**AIM OF THE EXERCISE**
Your copy should begin with the line containing "Сертификат Дифферин 0,1%", end with the line containing "Nazar Ayeti Printed Natural Stone Tabletop", match the listing below exactly, and contain no pictures.

**ENTRIES SHOWN**

++++++++

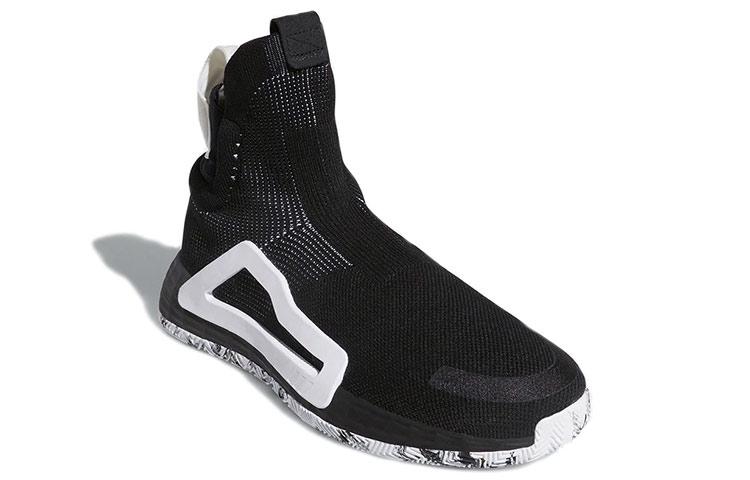 adidas N3XT L3V3L 'Core Black' BB9194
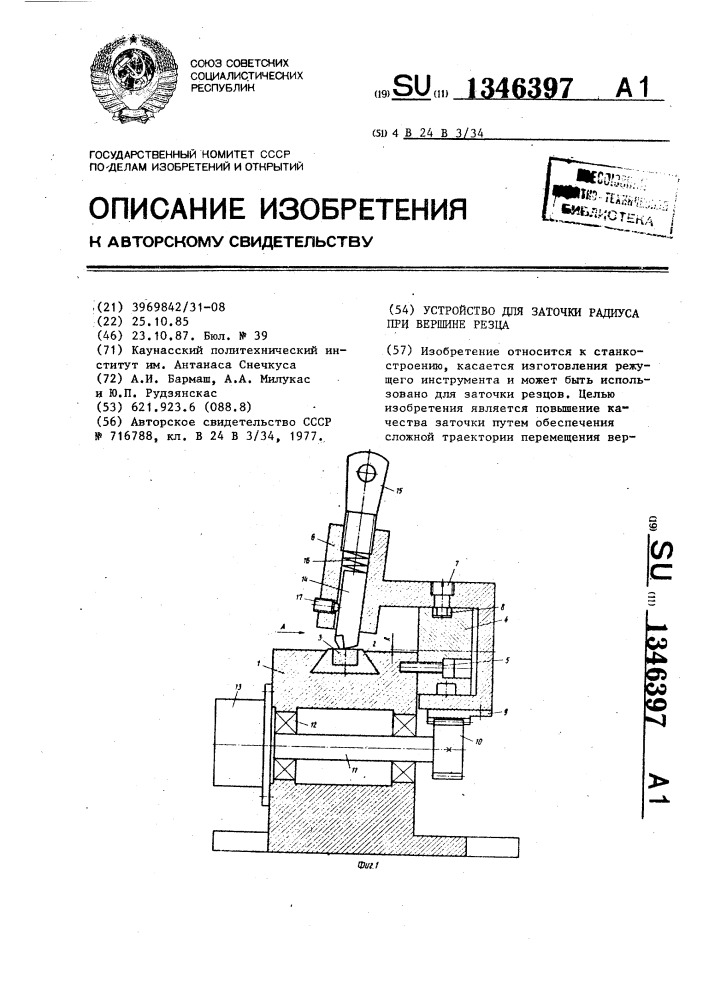 Устройство для заточки радиуса при вершине резца (патент 1346397)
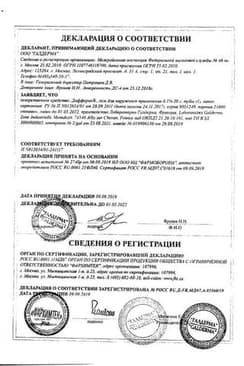 Сертификат Дифферин 0,1% гель от акне, угрей и черных точек 30 г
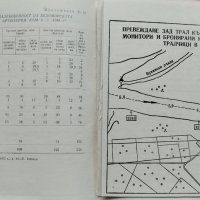 Българският военноморски флот през Отечествената война 1944-1945 Георги Антонов, снимка 5 - Други - 40641118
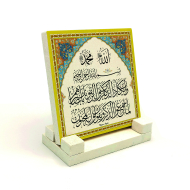 Nazar Ayeti Printed Natural Stone Tabletop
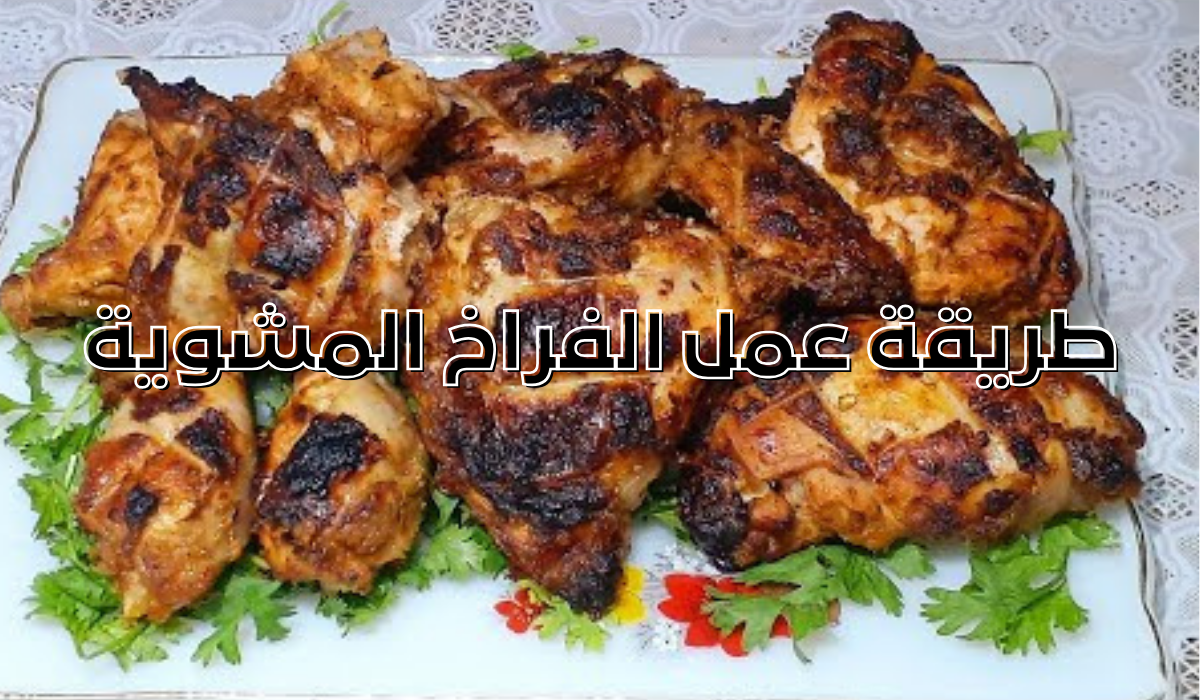 طريقة عمل الفراخ المشوية في الفرن مع سر التتبيلة والنكهة المميزة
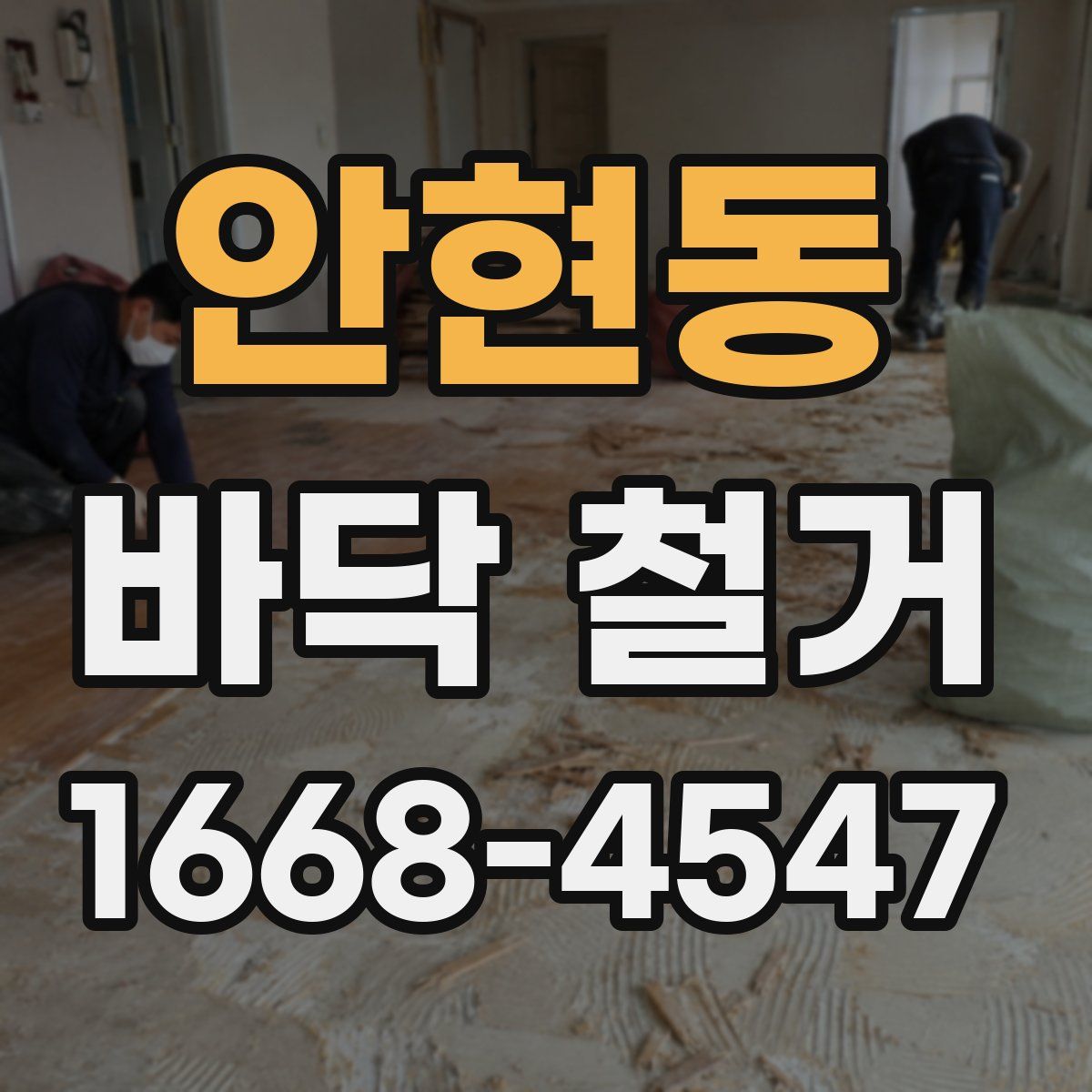 안현동 바닥 철거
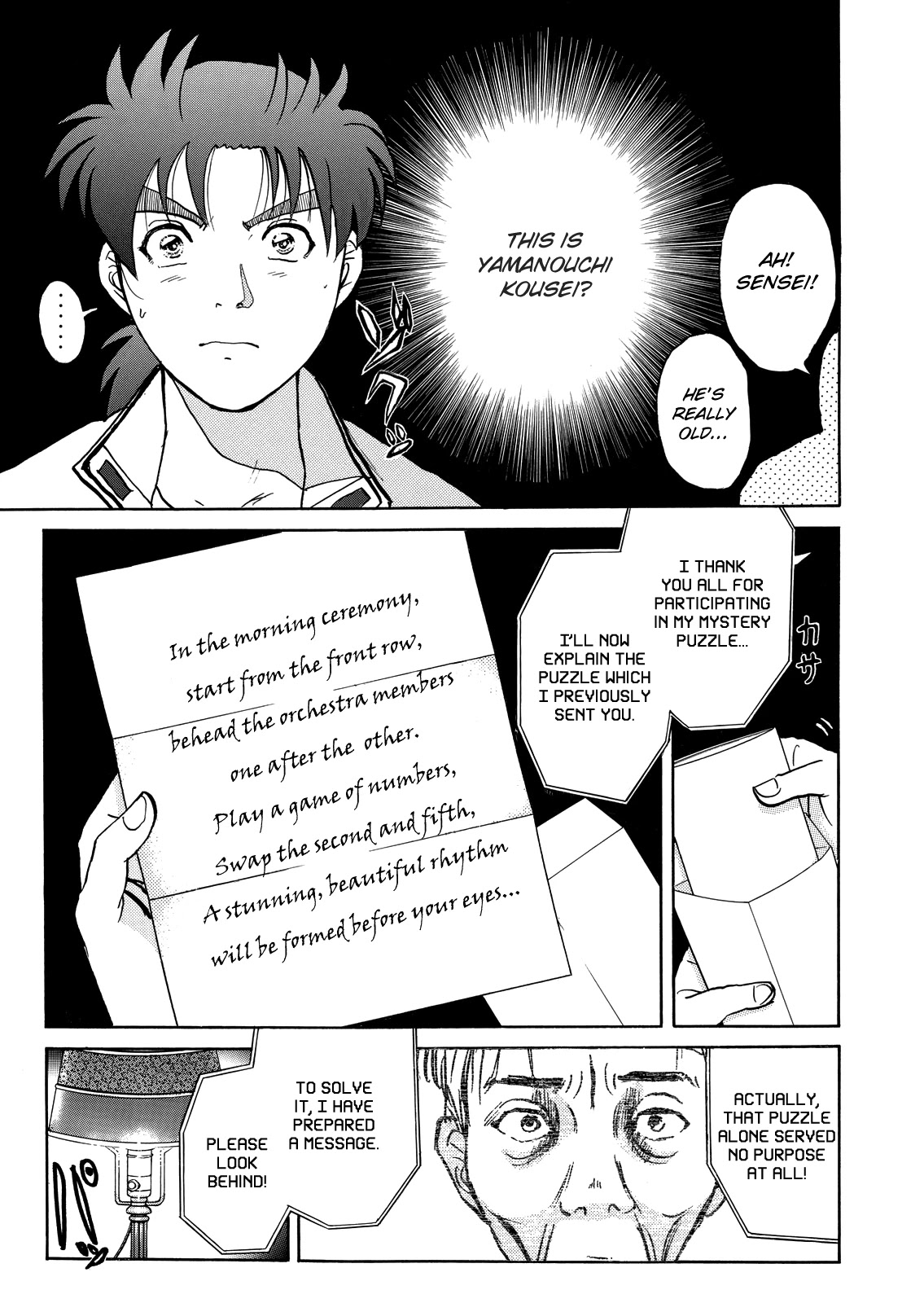 The New Kindaichi Detective Files Chapter 6.1 page 21 - Vol.6 Chapter 1: The Quintet in the Mist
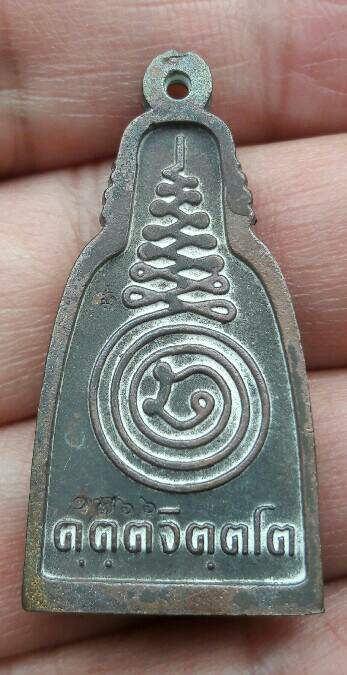 เหรียญหล่อระฆัง หลวงปู่คำบุ วัดกุดชมภู จ.อุบลราชธานี คราบเบ้าเต็มๆ หมายเลข 1766 ซองเดิม เคาะเดียว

++++++++

**REPLY TO THE EXERCISE**
 Сертификат Дифферин 0,1% гель от акне, угрей и черных точек 30 г
 Българският военноморски флот през Отечествената война 1944-1945 Георги Антонов, снимка 5 - Други - 40641118
 Nazar Ayeti Printed Natural Stone Tabletop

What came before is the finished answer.